* [TASK TO CARRY OUT]: Without reproducing any picture, copy the records word for word.

* [GIVEN DATA]:
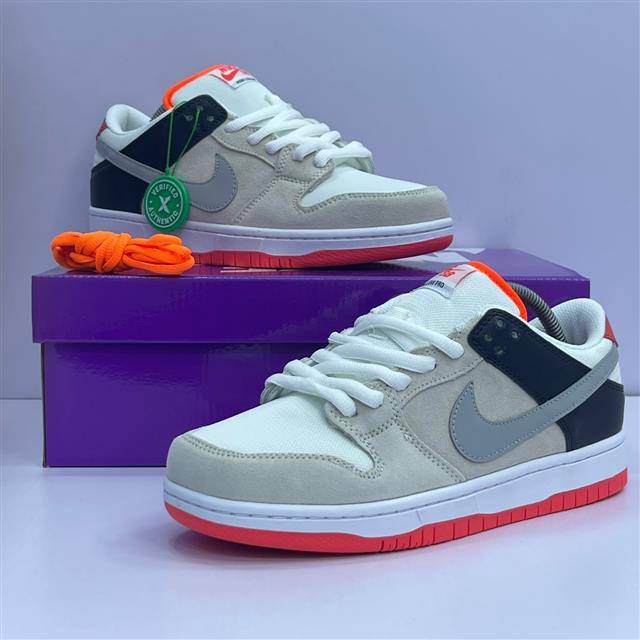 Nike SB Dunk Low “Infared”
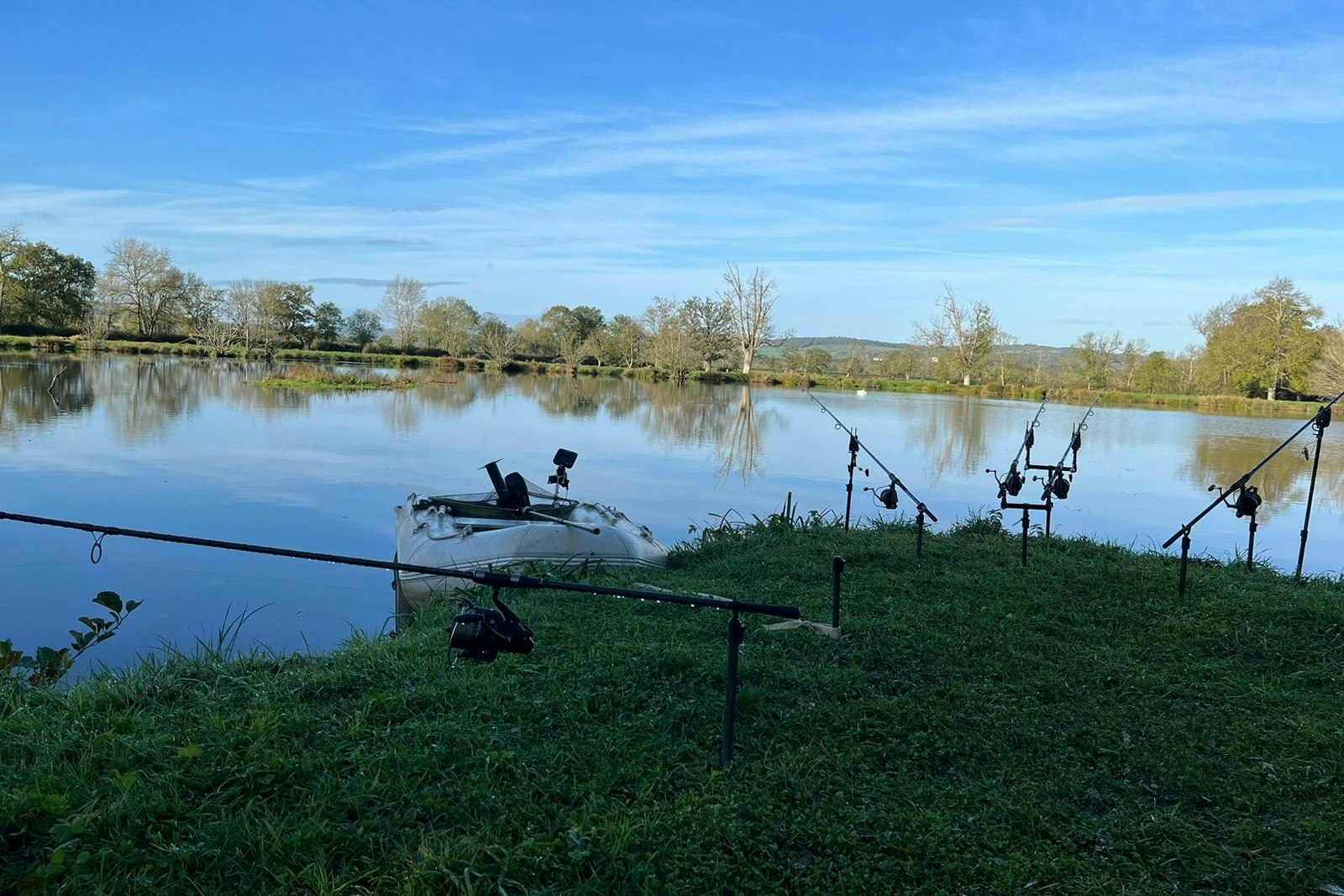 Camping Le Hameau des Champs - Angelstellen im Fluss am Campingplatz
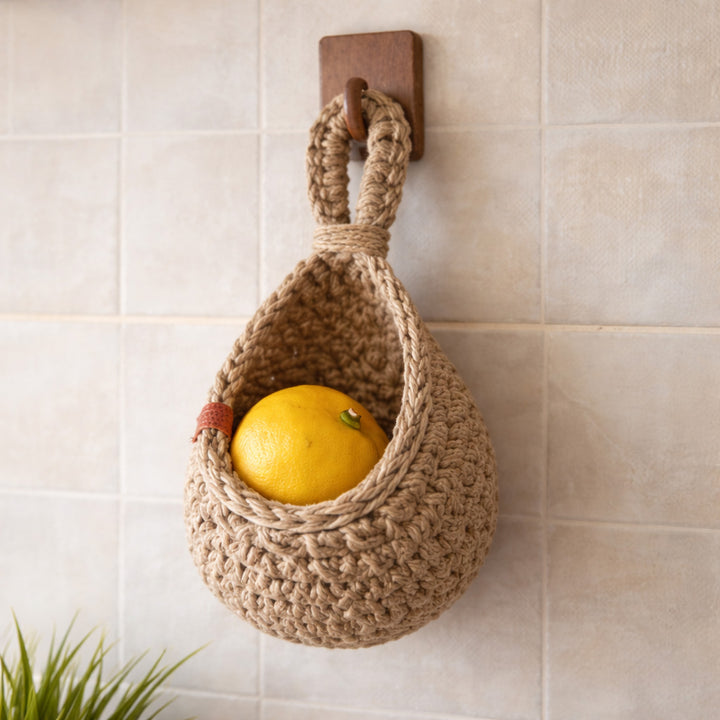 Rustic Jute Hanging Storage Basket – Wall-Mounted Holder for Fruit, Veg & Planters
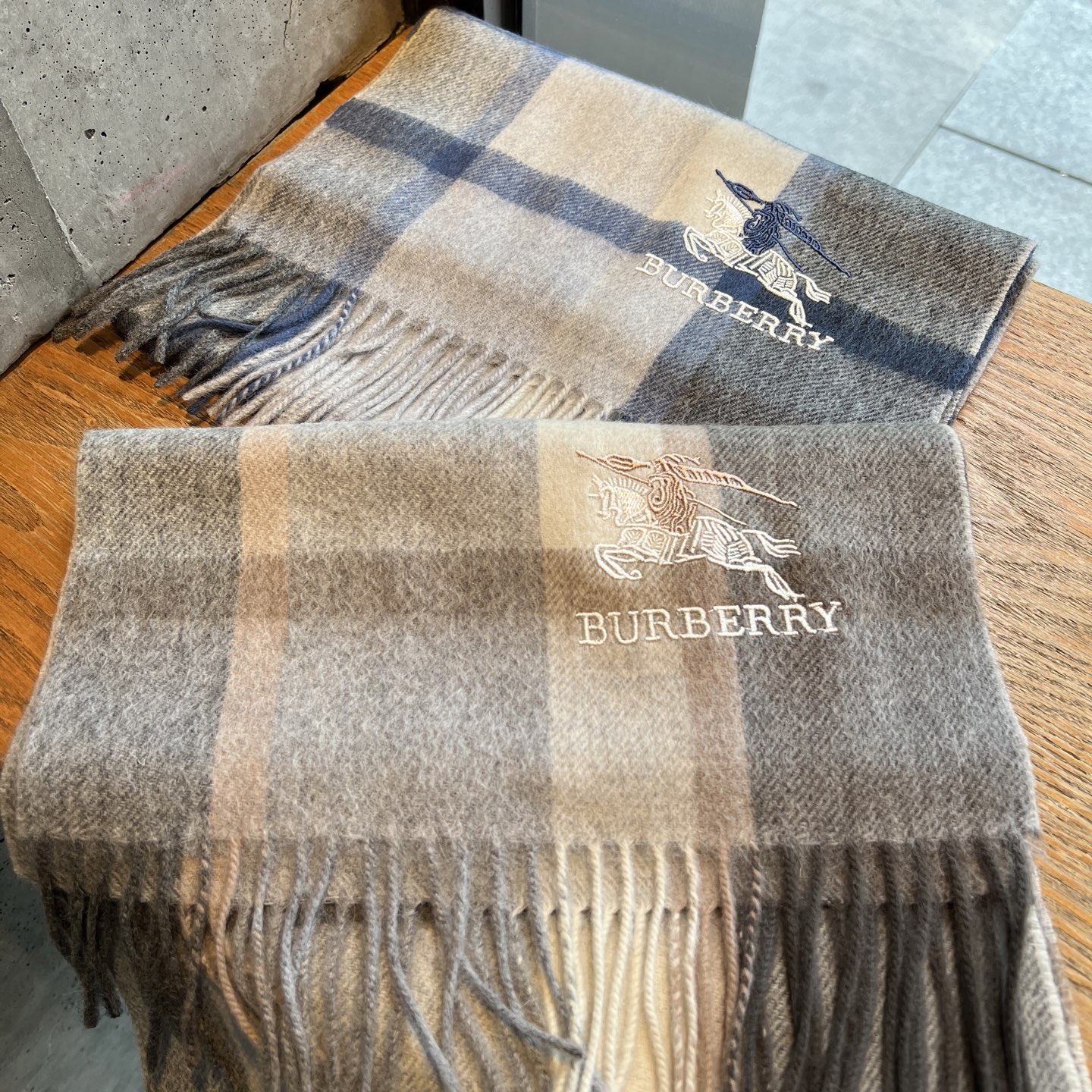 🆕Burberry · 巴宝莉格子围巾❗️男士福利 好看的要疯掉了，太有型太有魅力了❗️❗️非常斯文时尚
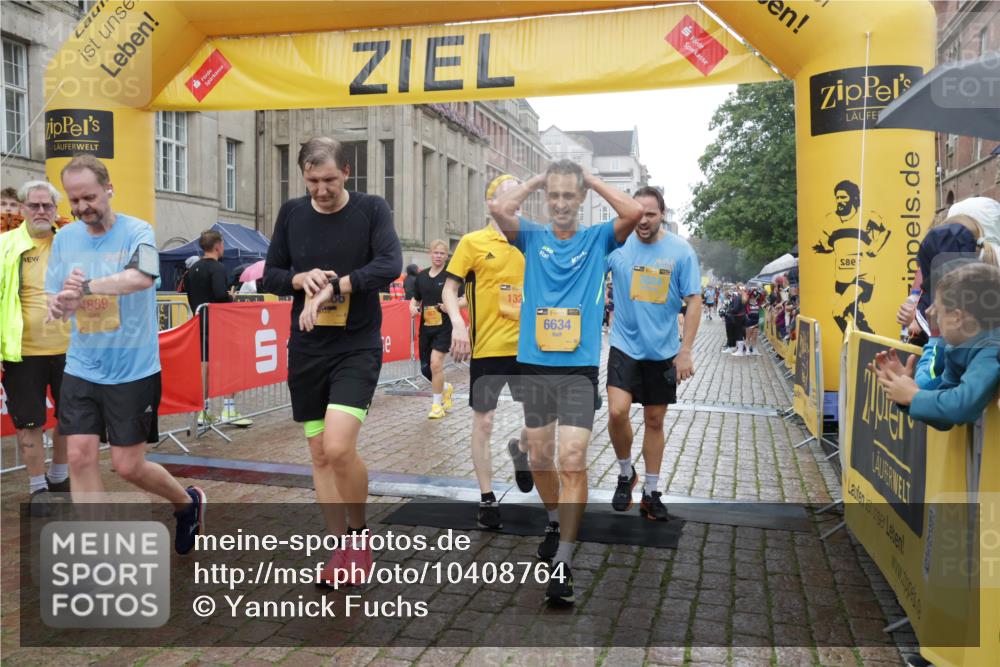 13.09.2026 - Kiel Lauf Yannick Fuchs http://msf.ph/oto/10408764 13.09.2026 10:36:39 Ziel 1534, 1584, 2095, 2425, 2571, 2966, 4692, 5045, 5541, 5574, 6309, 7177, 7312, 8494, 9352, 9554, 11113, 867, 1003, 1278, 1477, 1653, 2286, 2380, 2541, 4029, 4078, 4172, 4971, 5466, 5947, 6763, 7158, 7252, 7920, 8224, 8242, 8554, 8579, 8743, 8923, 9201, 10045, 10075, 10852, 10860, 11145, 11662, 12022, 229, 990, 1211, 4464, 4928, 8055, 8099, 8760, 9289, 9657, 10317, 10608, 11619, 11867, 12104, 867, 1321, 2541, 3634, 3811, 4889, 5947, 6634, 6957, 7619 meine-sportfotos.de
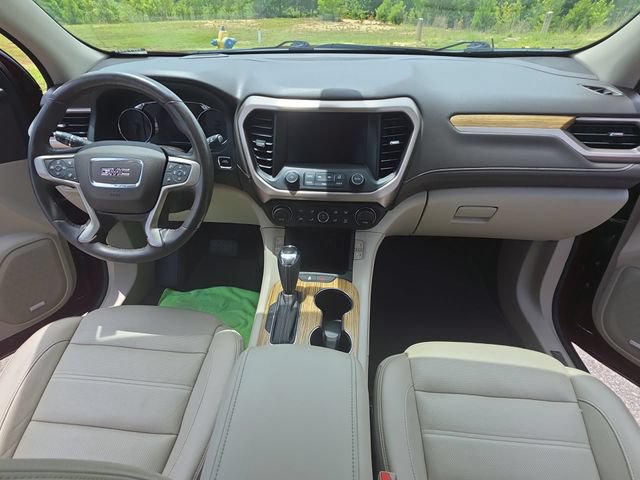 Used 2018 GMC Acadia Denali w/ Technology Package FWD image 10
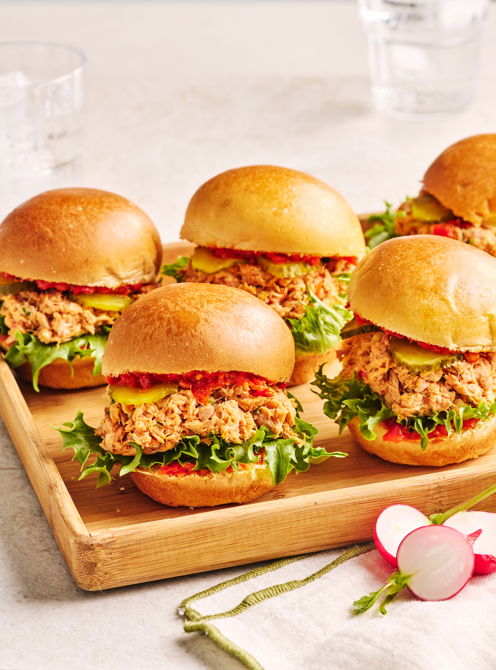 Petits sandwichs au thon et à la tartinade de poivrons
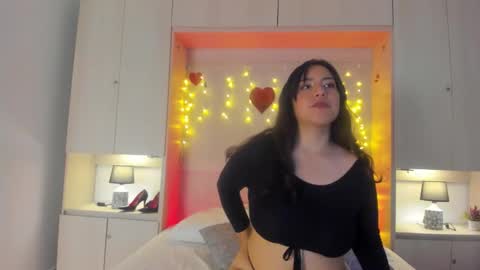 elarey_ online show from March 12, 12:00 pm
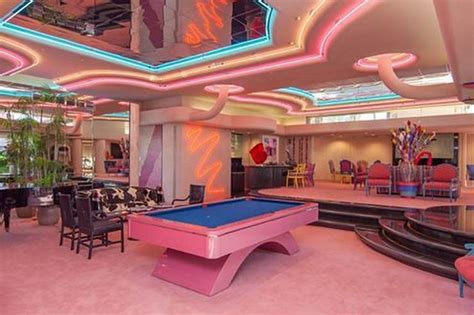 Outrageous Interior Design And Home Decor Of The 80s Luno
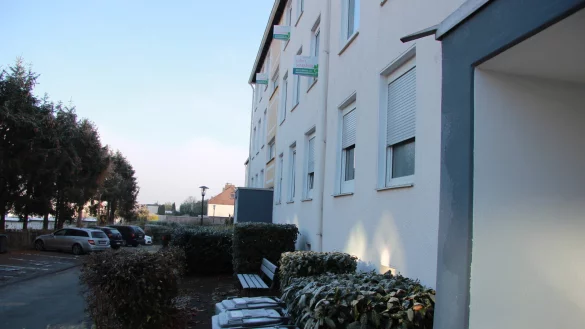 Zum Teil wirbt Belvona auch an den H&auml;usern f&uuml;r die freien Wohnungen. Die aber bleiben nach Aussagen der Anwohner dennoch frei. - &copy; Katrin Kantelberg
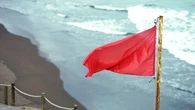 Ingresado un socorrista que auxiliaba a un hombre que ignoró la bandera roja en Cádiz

* [EXPECTED ANSWER]:
 Nike SB Dunk Low “Infared”
 Camping Le Hameau des Champs - Angelstellen im Fluss am Campingplatz
 Rustic Jute Hanging Storage Basket – Wall-Mounted Holder for Fruit, Veg & Planters
 🆕Burberry · 巴宝莉格子围巾❗️男士福利 好看的要疯掉了，太有型太有魅力了❗️❗️非常斯文时尚
 13.09.2026 - Kiel Lauf Yannick Fuchs http://msf.ph/oto/10408764 13.09.2026 10:36:39 Ziel 1534, 1584, 2095, 2425, 2571, 2966, 4692, 5045, 5541, 5574, 6309, 7177, 7312, 8494, 9352, 9554, 11113, 867, 1003, 1278, 1477, 1653, 2286, 2380, 2541, 4029, 4078, 4172, 4971, 5466, 5947, 6763, 7158, 7252, 7920, 8224, 8242, 8554, 8579, 8743, 8923, 9201, 10045, 10075, 10852, 10860, 11145, 11662, 12022, 229, 990, 1211, 4464, 4928, 8055, 8099, 8760, 9289, 9657, 10317, 10608, 11619, 11867, 12104, 867, 1321, 2541, 3634, 3811, 4889, 5947, 6634, 6957, 7619 meine-sportfotos.de
 Used 2018 GMC Acadia Denali w/ Technology Package FWD image 10
 Petits sandwichs au thon et à la tartinade de poivrons
 elarey_ online show from March 12, 12:00 pm
 Outrageous Interior Design And Home Decor Of The 80s Luno
 Zum Teil wirbt Belvona auch an den H&auml;usern f&uuml;r die freien Wohnungen. Die aber bleiben nach Aussagen der Anwohner dennoch frei. - &copy; Katrin Kantelberg
 Ingresado un socorrista que auxiliaba a un hombre que ignoró la bandera roja en Cádiz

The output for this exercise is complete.